Scania accelerates AI adoption with ChatGPT Enterprise | Keryc
Scania, the storied maker of trucks and buses, is speeding up its adoption of artificial intelligence inside a global, highly technical organization. It doesn’t impose from the top; instead, it lets teams experiment and learn together, folding AI into their continuous improvement processes.
How Scania drives AI from within
Adoption began with a partnership with OpenAI and broad availability of ChatGPT Enterprise licenses for many teams. Rather than waiting for a central directive, Scania tapped into strong bottom-up demand: engineers and operational teams wanted to try new tools and see immediate results.
This wasn’t chaos: from day one they built practical governance. Legal and security acted as enablers, defining clear boundaries that allowed experimentation without paralyzing teams. The result? A rapid rollout that’s already delivering early gains in productivity and quality.
It's moving faster than we expected: both in speed and in quality.
Strong bottom-up push: teams pulled the change, and the company let them.
Cross-functional experimentation: use across engineering, operations, and improvement processes.
Early benefits: productivity, quality, and operational flow improvements.
AI embedded into lean and continuous improvement processes.
Team-based approach to build lasting capabilities.
Onboarding by teams, not by individuals
A key decision was to require training by teams. One person couldn’t learn it and leave; only whole teams were onboarded. That creates continuity, collective memory, and resilience: if someone leaves, the knowledge of how to use AI stays with the team.
That dynamic also makes it easier to share usage patterns, helpful prompt templates, and operational processes where AI provides real value.
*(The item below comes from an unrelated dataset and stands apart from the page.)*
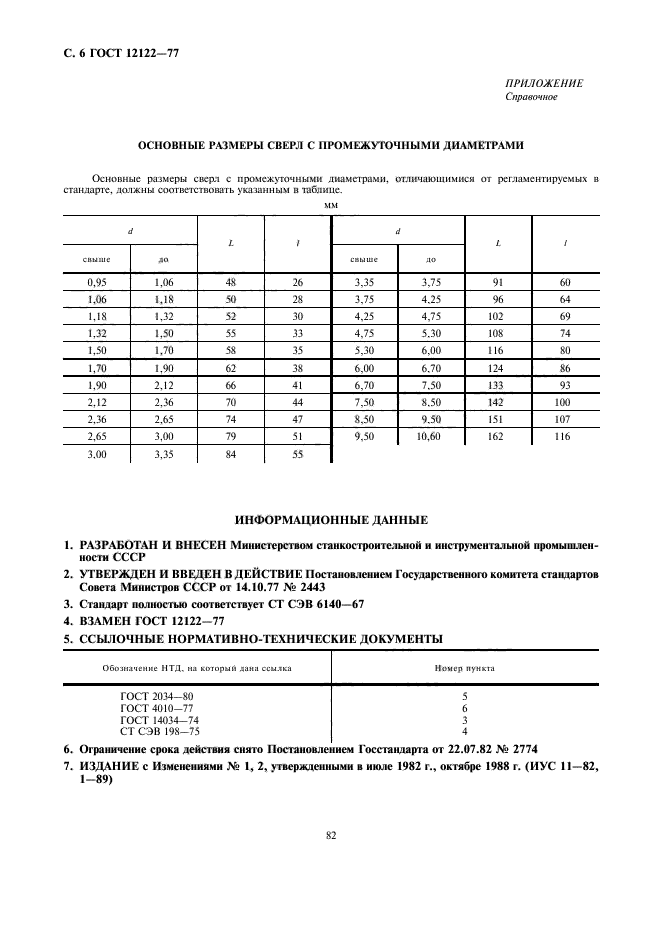 ГОСТ 12122-77,  6.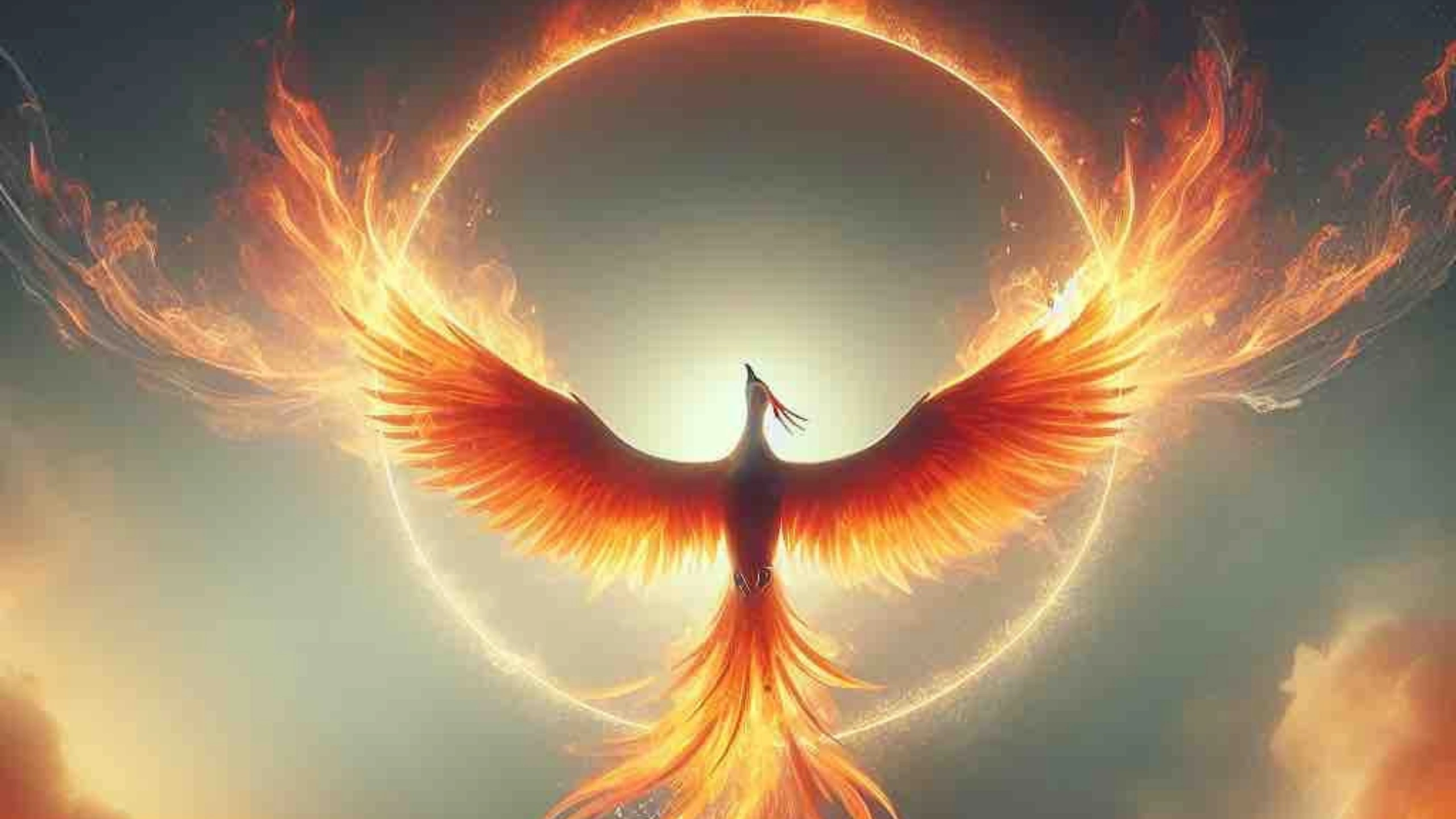phoenix symbolism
Think about how maintenance shifts or the creation of technical instructions change when the whole team uses the same tool and rules.
Practical lessons and what you can apply today
Scania offers a simple roadmap any technical organization can adapt:
Let the organization push: if there's demand, enable experimentation.
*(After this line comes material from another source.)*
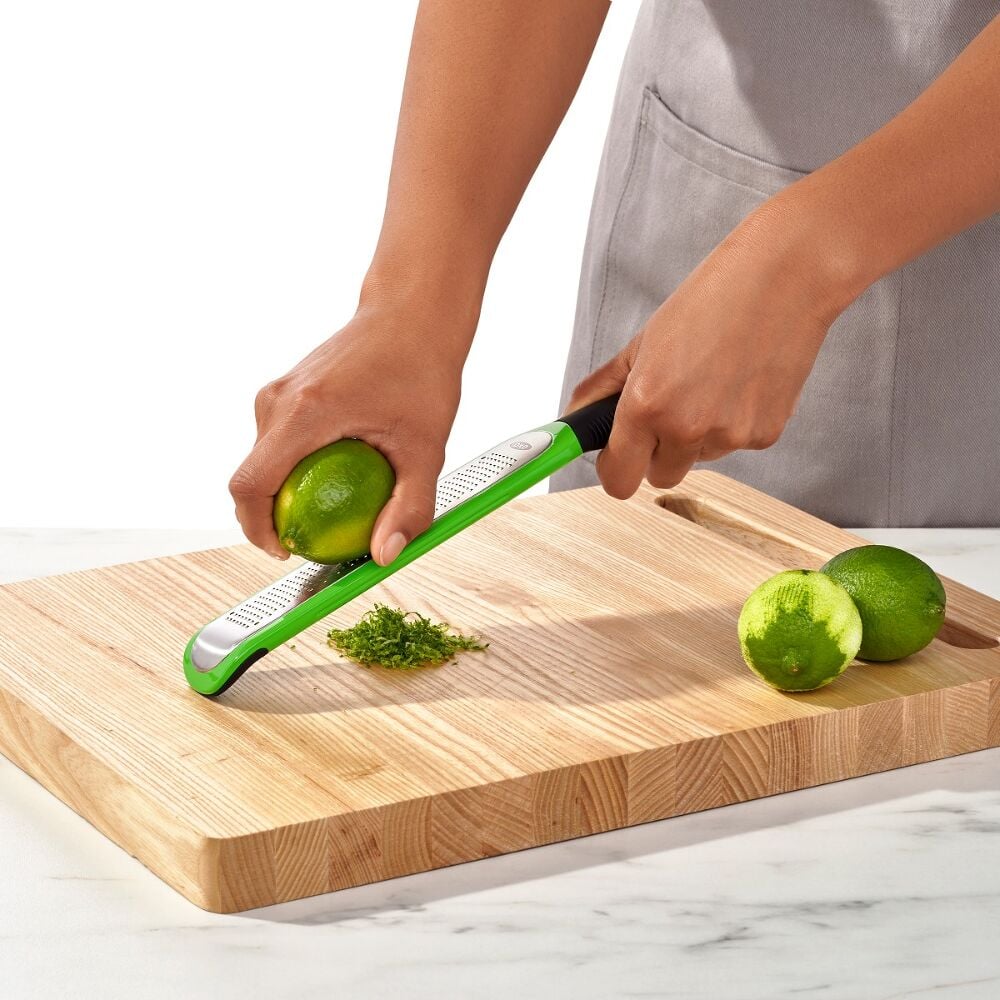Etched Zester E3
Put guardrails in place from the start: security and legal as enablers, not blockers.
Train teams, not just individuals: that way knowledge endures.
Insert AI into existing improvement systems: use cases will emerge there.
Prepare for speed: uptake can exceed your expectations; design processes that absorb it.
Does that sound familiar? In many workshops and plants I’ve visited, the first impact comes when operators and technicians use AI to solve concrete problems: faster diagnostics, better documentation, and less rework.
What's next for Scania and for the industry
Scania is already exploring agent capabilities, deeper integrations into workflows, and how AI can support its ambition for a more sustainable transport ecosystem. It’s not just about efficiency: it’s about wondering what role the company will play in an ecosystem where real-time information and decision-making matter.
If you work in a technical company, the lesson is clear: don’t wait for perfect top-down adoption. Enable, regulate what’s necessary, and let teams build the practice. That’s how AI stops being a promise and becomes part of the DNA of work.